[Extracted records]
==*==

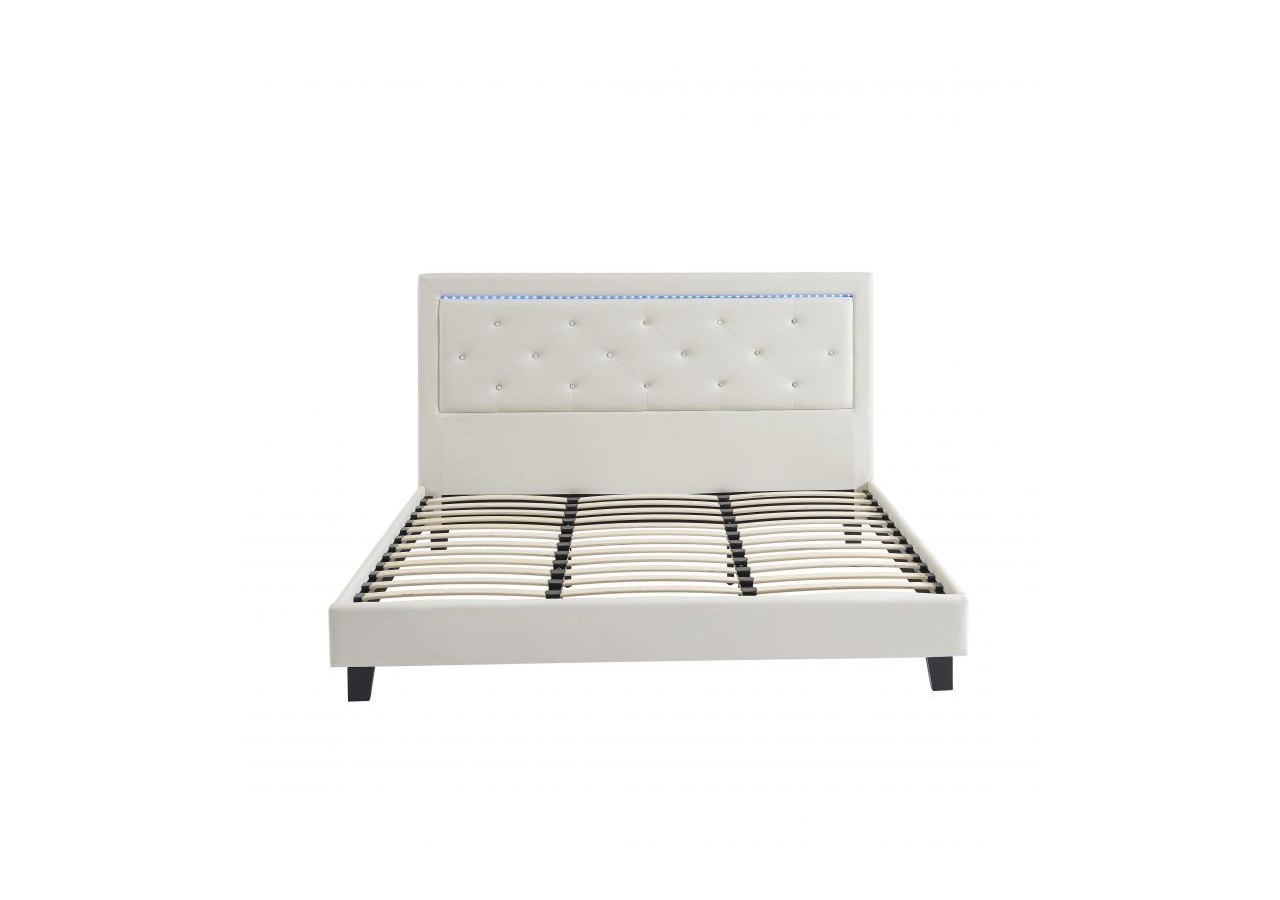 Lit à LED FILIP simili blanc 180x200 sommier inclus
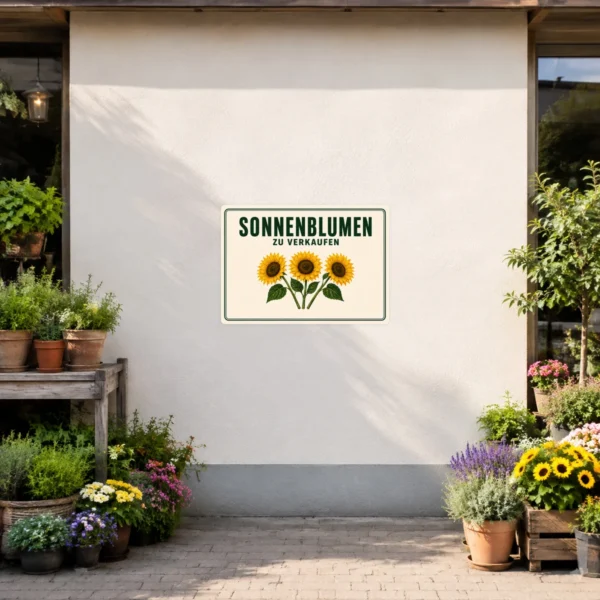 KI-generiertes Anwendungsbeispiel: Sonnenblumen zu verkaufen Aufkleber auf einer glatten Verkaufskiste mit sonnigem Blumenmotiv.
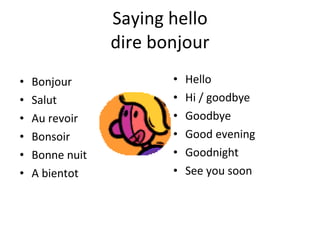 Saying hello dire bonjour Bonjour Salut Au revoir Bonsoir Bonne nuit A bientot Hello Hi / goodbye Goodbye Good evening Goodnight See you soon 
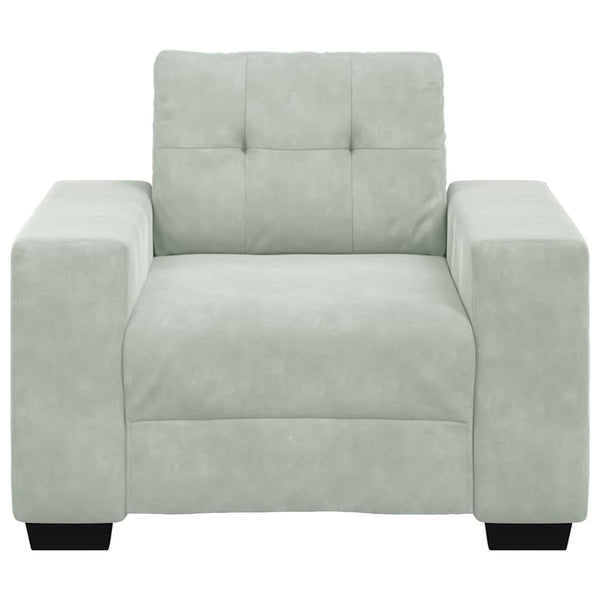 Sessel Hellgrau Samt 100x78x80 cm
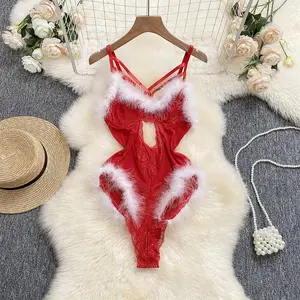 Valentine Furry Lace Mesh Bodysuit Set With Underwire Holiday Loungewear Outfit for Women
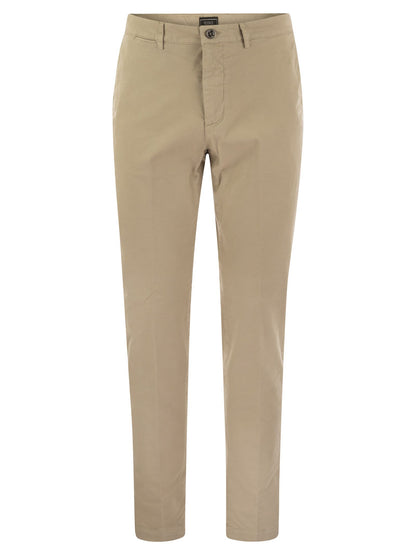 Peserico Men Stretch Cotton Gabardine Chino Trousers by Luosophy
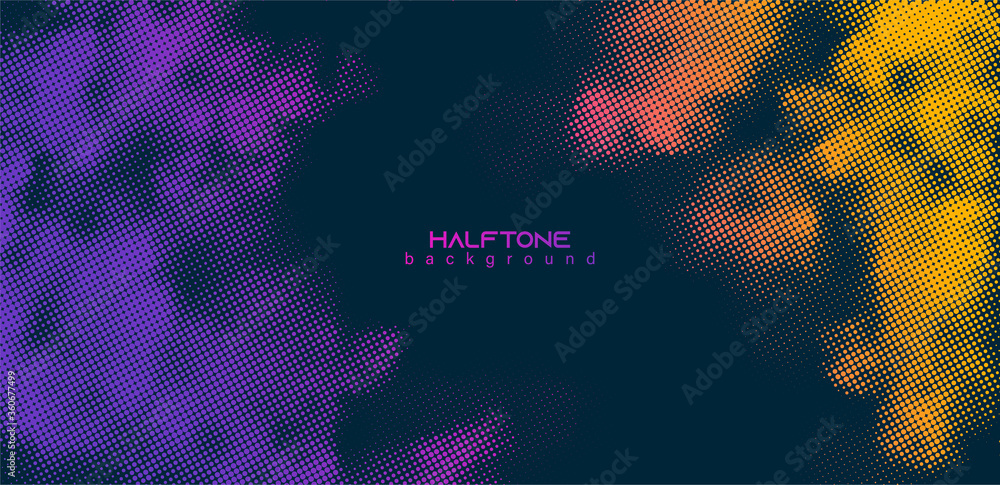Aufkleber Abstract vector background. Halftone gradient gradation. Vibrant flowing texture. Smoke effect. Retro design.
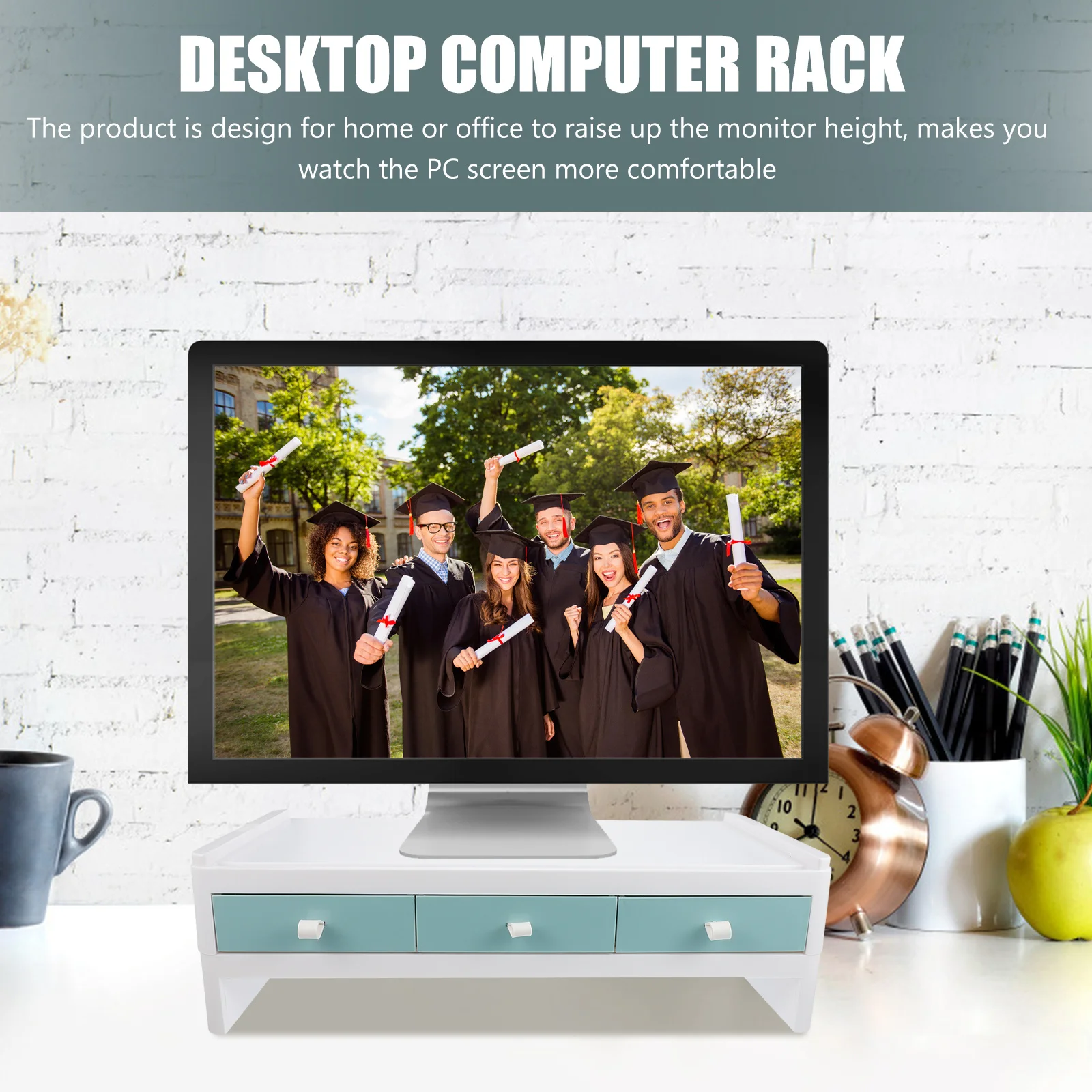 Supporto per monitor singolo Computer portatile Rack di rialzo per archiviazione Desktop in plastica verde Riser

==*==

The entries above should be retyped word for word, with all pictures omitted.

* **Answer**:
 Lit à LED FILIP simili blanc 180x200 sommier inclus
 KI-generiertes Anwendungsbeispiel: Sonnenblumen zu verkaufen Aufkleber auf einer glatten Verkaufskiste mit sonnigem Blumenmotiv.
 Saying hello dire bonjour Bonjour Salut Au revoir Bonsoir Bonne nuit A bientot Hello Hi / goodbye Goodbye Good evening Goodnight See you soon 
 Sessel Hellgrau Samt 100x78x80 cm
 Valentine Furry Lace Mesh Bodysuit Set With Underwire Holiday Loungewear Outfit for Women
 Peserico Men Stretch Cotton Gabardine Chino Trousers by Luosophy
Aufkleber Abstract vector background. Halftone gradient gradation. Vibrant flowing texture. Smoke effect. Retro design.
 Supporto per monitor singolo Computer portatile Rack di rialzo per archiviazione Desktop in plastica verde Riser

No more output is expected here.